INPUT MATERIAL:
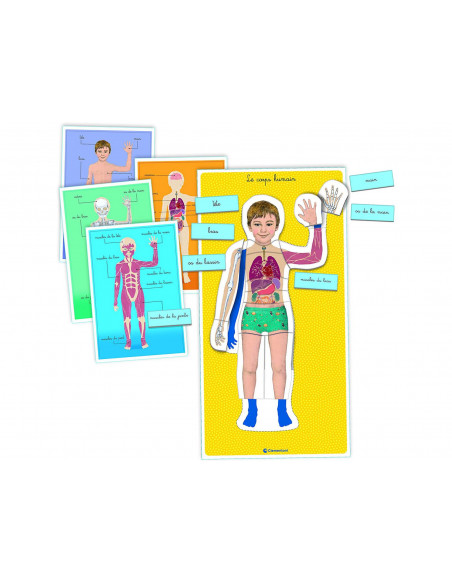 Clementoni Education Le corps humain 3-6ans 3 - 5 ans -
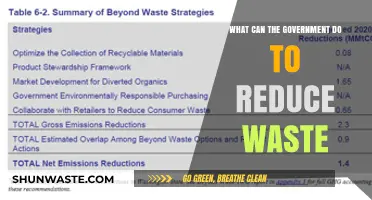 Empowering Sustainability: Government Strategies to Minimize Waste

==

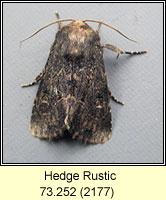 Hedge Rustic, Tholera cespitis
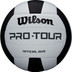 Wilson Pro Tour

WHAT YOU HAVE TO DO: Print, exactly and with no pictures, the lines of the listing above starting at the one that has "Clementoni Education Le" and ending at the one that has "Empowering Sustainability: Government", both included.

ANSWER SPACE:
 Clementoni Education Le corps humain 3-6ans 3 - 5 ans -
 Empowering Sustainability: Government Strategies to Minimize Waste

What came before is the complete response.